Referring to FIG. 1C, when the liquid phase is evaporated after a certain time after the process of FIG. 1B, the particles are in solid phase growth to obtain a desired polycrystalline silicon layer (3). Subsequently, when the grown polysilicon layer is applied to the device, a post-treatment process is performed using various cleaning methods to remove the possibility of contamination due to the atmosphere at the evaporation interface.

The polycrystalline silicon layer of the present invention formed through the above-described method can be applied to the gate electrode, the channel layer, and the source / drain electrode portion of the thin film transistor, and the pixel driving of the LCD using the TFT to which the polycrystalline silicon layer is applied Part and LCD image sensor can be applied to the driving circuit part. Also, the present invention can be applied to polysilicon solar cells and the like having a p-i-n (p-type semiconductor-intrinsic semiconductor-n-type semiconductor) structure.

In addition, the method of the present invention is not limited to the above-described TFT and LCD, but can be extended to the extent that the technical idea of the present invention is limited.

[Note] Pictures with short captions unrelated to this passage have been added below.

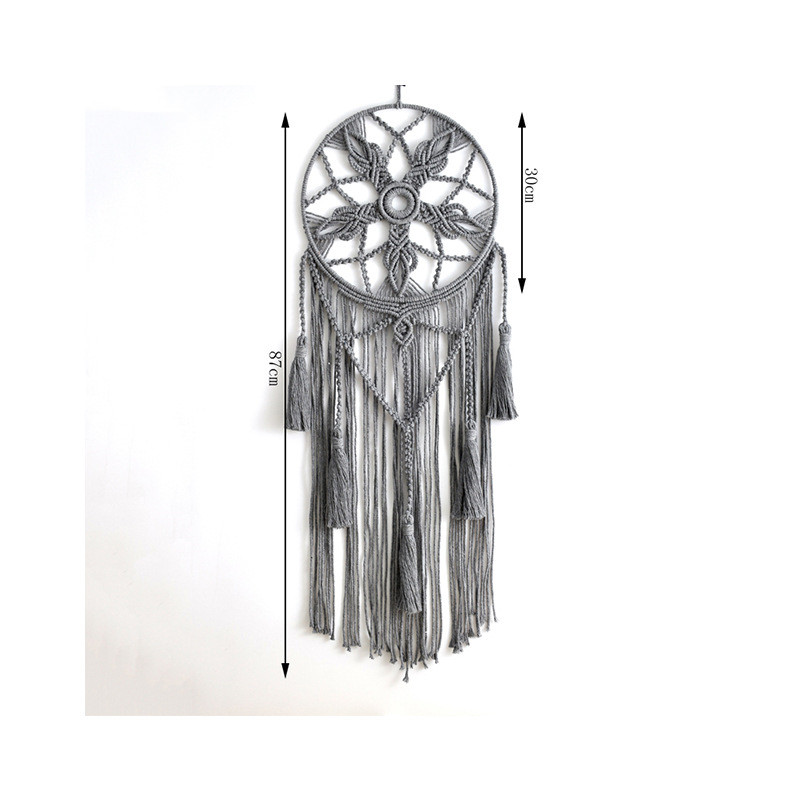 Macrame Woven Dreamcatchers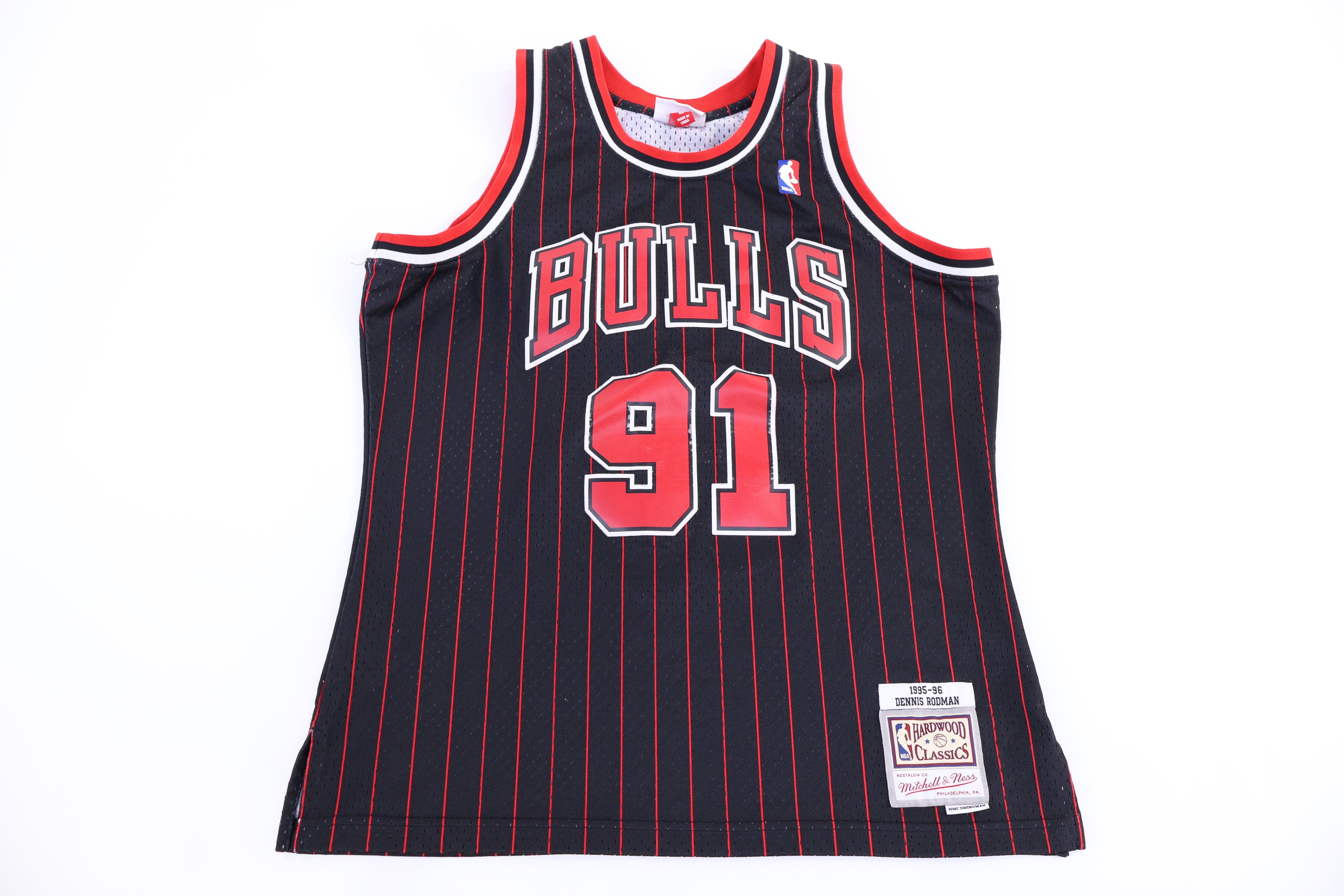 Mitchell & Ness Dennis Rodman Basketball Jersey - Jerseys/Tanks - Thrifted Threads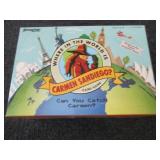 Carmen Sandiego Game, Operation...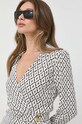 Elisabetta Franchi sukienka biały AB33831E2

As described above, in the crystal growth method of the polycrystalline silicon according to the present invention, it is possible to obtain polycrystalline silicon having a larger grain size at a lower temperature and more quickly by growing the polycrystalline silicon by solid solubility in the liquid phase. Therefore, it is possible to select a low-cost substrate by the above effect, and expensive equipment for annealing is not necessary, thereby reducing the time required for fabrication of the device. Therefore, in the case of LCD, a TFT panel with low manufacturing cost can be obtained.

Claims (10)

Laminating a buffer layer on an insulating substrate; Forming a medium material layer for liquid phase growth on the buffer layer; Forming a silicon layer on the intermediate material layer; And a step of annealing the resultant after the silicon formation. 2. The crystal growth method of polycrystalline silicon according to claim 1, wherein the insulating substrate is a glass substrate. The method of claim 1, wherein the silicon layer is formed between the buffer layer and the media material layer by changing the formation order of the media material layer and the silicon layer. 2. The crystal growth method of polycrystalline silicon according to claim 1, further comprising forming a new medium layer on the silicon layer. The crystal growth method of polycrystalline silicon according to any one of claims 1, 3 and 4, wherein the intermediate material layer is made of a metal having a low melting point or a compound having a low melting point. 6. The crystal growth method of polysilicon of claim 5, wherein the metal having a low melting point is made of all materials having a slightly higher melting point or similar to that of the strain print of the insulating substrate to be used. The compound of claim 5, wherein the compound having a low melting point is a compound containing all or part of elements such as H, F, and Cl, and the melting point is made of all materials that are slightly higher or similar to the strain point of the insulating substrate to be used. Crystal growth method of polycrystalline silicon characterized by the above-mentioned. 5. The crystal growth method of polycrystalline silicon according to any one of claims 1, 3 and 4, wherein the silicon layer is either an amorphous silicon layer or a polycrystalline silicon layer. The crystal growth method of polycrystalline silicon according to any one of claims 1, 3 and 4, wherein the annealing process is performed at a temperature at which the insulating substrate is not strained. 5. The crystal growth method of polycrystalline silicon according to any one of claims 1, 3 and 4, wherein the crystal growth method of the polycrystalline silicon further comprises a cleaning step after the annealing process.